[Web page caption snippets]
---*---
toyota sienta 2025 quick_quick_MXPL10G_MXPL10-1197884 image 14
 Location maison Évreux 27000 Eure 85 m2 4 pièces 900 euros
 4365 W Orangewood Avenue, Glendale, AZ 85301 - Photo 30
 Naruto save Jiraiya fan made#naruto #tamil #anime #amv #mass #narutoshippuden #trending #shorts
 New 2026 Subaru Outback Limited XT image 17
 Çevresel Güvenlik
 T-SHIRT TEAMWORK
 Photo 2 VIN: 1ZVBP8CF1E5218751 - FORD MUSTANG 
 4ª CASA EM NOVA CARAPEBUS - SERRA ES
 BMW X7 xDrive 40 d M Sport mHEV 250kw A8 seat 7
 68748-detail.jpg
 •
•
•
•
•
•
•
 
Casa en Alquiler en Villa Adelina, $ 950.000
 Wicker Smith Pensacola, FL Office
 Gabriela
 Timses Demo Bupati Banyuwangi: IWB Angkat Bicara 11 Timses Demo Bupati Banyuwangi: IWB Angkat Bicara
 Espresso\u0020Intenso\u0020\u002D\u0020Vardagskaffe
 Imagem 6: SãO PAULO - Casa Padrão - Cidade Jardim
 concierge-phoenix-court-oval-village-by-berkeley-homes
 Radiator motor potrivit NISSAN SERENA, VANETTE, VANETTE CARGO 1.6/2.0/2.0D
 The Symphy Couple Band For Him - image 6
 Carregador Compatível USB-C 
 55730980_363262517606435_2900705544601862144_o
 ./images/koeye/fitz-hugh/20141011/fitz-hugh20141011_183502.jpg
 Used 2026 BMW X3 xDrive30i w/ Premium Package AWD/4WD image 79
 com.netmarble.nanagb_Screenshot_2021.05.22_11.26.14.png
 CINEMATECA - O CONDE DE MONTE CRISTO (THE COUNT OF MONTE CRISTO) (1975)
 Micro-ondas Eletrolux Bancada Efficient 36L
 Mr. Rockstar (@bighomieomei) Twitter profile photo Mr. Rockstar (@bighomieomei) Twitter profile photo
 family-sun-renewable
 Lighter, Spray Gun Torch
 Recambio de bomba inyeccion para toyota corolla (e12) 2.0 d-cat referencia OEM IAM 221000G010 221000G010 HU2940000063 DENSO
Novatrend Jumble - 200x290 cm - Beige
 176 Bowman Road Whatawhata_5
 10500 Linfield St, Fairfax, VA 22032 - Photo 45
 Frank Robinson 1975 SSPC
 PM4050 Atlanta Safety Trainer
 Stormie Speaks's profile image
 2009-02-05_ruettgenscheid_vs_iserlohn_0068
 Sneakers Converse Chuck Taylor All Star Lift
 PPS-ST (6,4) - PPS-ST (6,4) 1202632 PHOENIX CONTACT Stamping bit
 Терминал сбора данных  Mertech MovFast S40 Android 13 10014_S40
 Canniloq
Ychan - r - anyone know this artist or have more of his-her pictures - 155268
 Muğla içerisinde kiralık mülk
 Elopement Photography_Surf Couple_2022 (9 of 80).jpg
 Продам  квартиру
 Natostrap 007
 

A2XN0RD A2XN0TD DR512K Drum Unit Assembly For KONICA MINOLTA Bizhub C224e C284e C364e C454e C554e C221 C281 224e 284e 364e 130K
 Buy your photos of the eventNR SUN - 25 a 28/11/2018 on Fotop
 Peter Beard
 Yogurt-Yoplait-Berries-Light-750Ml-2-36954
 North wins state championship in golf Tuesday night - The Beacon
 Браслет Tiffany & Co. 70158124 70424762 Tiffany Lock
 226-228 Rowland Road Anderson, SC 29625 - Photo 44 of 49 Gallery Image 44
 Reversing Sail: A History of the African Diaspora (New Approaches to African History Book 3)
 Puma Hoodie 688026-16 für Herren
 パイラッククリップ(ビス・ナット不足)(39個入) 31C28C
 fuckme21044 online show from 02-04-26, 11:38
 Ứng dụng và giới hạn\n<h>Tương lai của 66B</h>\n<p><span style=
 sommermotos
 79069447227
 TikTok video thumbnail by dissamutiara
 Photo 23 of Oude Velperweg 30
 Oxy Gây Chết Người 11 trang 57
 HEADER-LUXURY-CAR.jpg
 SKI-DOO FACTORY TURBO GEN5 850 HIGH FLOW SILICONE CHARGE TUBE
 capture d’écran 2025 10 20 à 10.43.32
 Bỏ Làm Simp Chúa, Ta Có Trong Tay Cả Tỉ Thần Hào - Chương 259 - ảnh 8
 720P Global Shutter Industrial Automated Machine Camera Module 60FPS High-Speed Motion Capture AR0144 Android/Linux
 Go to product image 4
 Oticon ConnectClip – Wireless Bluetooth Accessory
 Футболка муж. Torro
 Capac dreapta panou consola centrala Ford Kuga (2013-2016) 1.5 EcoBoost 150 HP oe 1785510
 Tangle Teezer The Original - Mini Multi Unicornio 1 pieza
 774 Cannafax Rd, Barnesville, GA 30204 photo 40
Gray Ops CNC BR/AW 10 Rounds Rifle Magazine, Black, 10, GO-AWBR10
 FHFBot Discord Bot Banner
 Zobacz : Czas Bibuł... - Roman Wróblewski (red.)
---*---
**WHAT IS NEEDED:**
Transcribe the records above exactly, beginning at the line that contains "concierge-phoenix-court-oval-village-by-berkeley-homes" and ending with the line that contains "Recambio de bomba", both included, and nothing else.

**SOLUTION:**
 concierge-phoenix-court-oval-village-by-berkeley-homes
 Radiator motor potrivit NISSAN SERENA, VANETTE, VANETTE CARGO 1.6/2.0/2.0D
 The Symphy Couple Band For Him - image 6
 Carregador Compatível USB-C 
 55730980_363262517606435_2900705544601862144_o
 ./images/koeye/fitz-hugh/20141011/fitz-hugh20141011_183502.jpg
 Used 2026 BMW X3 xDrive30i w/ Premium Package AWD/4WD image 79
 com.netmarble.nanagb_Screenshot_2021.05.22_11.26.14.png
 CINEMATECA - O CONDE DE MONTE CRISTO (THE COUNT OF MONTE CRISTO) (1975)
 Micro-ondas Eletrolux Bancada Efficient 36L
 Mr. Rockstar (@bighomieomei) Twitter profile photo Mr. Rockstar (@bighomieomei) Twitter profile photo
 family-sun-renewable
 Lighter, Spray Gun Torch
 Recambio de bomba inyeccion para toyota corolla (e12) 2.0 d-cat referencia OEM IAM 221000G010 221000G010 HU2940000063 DENSO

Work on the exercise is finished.